▸ PROBLEM DESCRIPTION: Print the lines of the entries below from the one with "Tegiapa virescens" through the final line, exactly as they appear. The pictures are not part of the copy.

(Beginning of EXTRACTED MATERIAL)

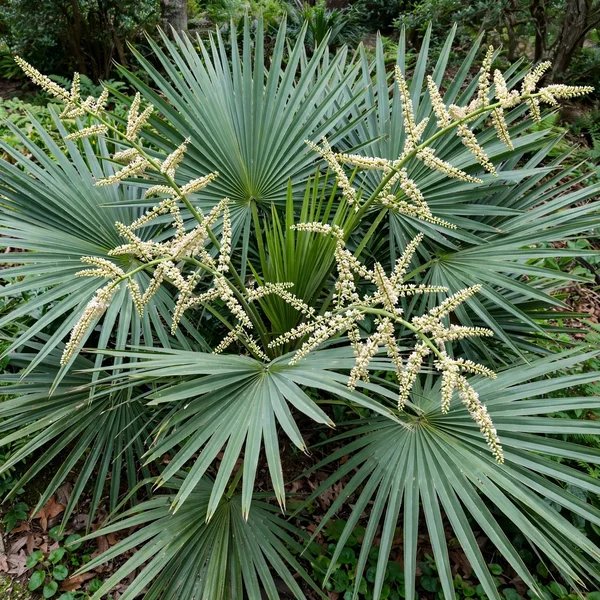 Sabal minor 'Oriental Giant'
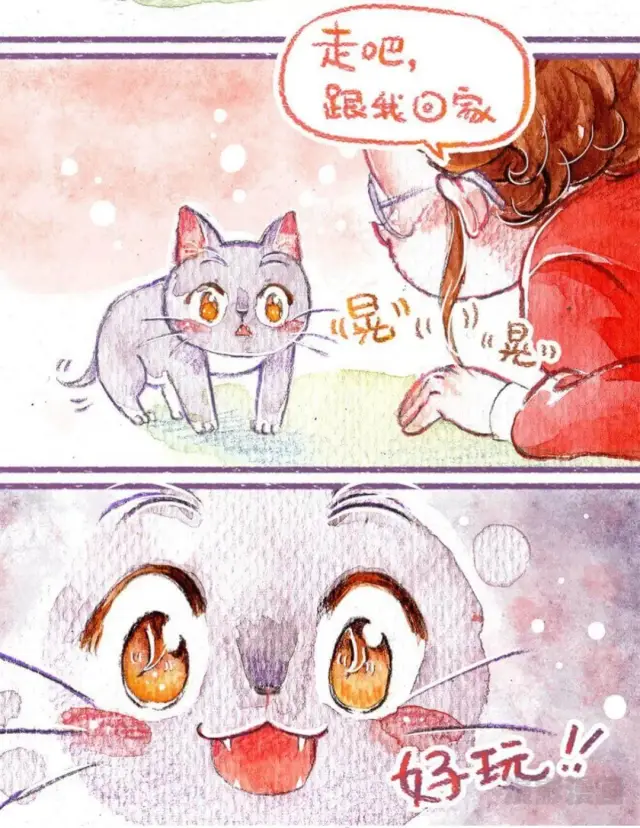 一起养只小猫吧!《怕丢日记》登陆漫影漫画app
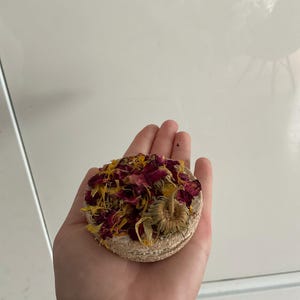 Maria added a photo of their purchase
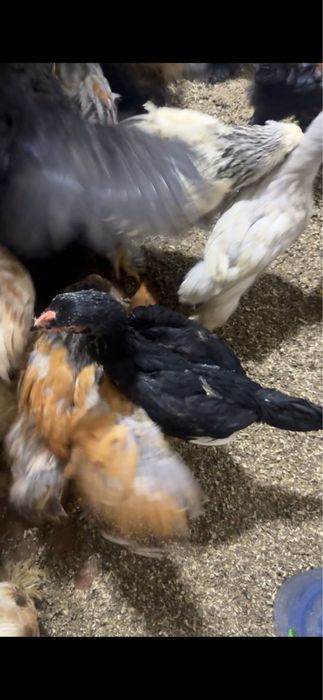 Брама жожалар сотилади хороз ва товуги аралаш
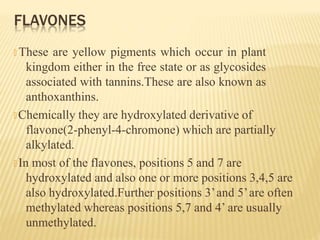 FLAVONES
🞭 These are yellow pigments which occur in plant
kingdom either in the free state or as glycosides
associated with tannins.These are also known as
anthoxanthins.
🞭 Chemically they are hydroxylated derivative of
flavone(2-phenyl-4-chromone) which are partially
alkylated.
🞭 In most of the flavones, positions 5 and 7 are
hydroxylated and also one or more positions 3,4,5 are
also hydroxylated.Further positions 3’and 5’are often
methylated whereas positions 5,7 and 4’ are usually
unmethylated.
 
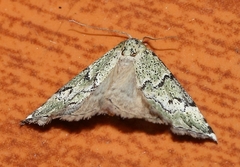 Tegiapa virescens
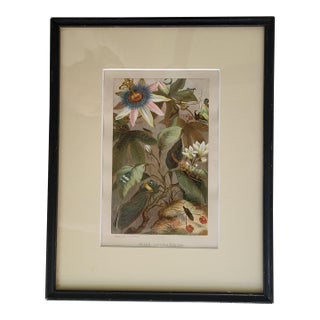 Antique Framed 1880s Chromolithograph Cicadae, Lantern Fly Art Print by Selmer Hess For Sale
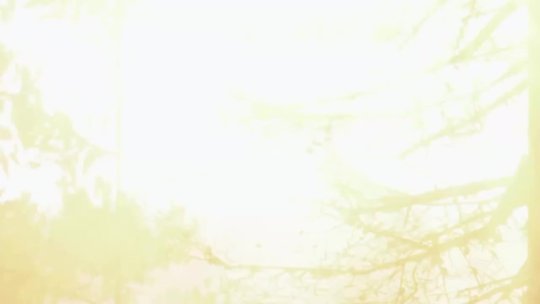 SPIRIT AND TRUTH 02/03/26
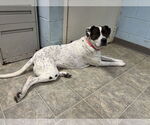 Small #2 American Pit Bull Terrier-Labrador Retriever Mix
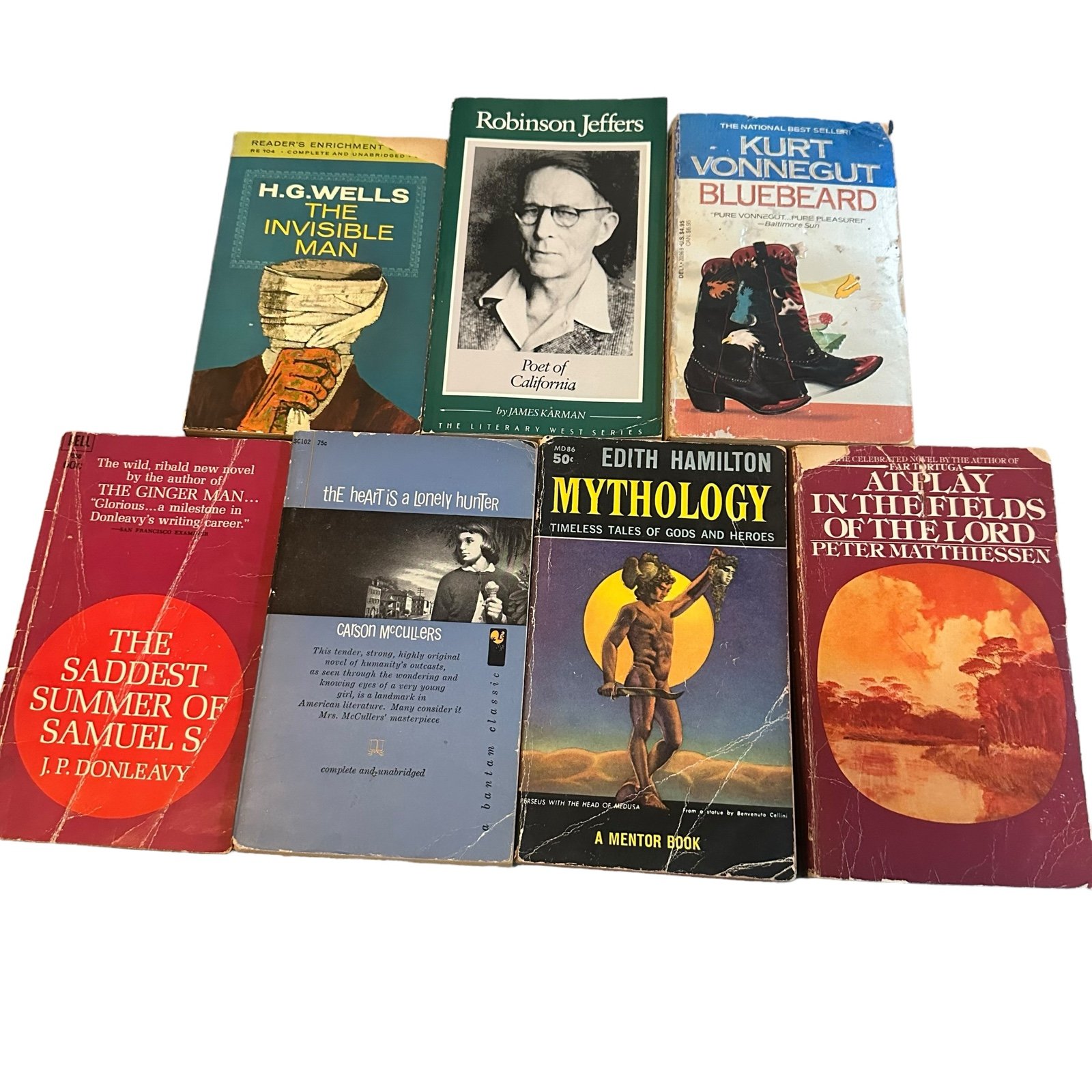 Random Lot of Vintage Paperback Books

(End of EXTRACTED MATERIAL)

▸ YOUR RESPONSE:
 Tegiapa virescens
 Antique Framed 1880s Chromolithograph Cicadae, Lantern Fly Art Print by Selmer Hess For Sale
 SPIRIT AND TRUTH 02/03/26
 Small #2 American Pit Bull Terrier-Labrador Retriever Mix
 Random Lot of Vintage Paperback Books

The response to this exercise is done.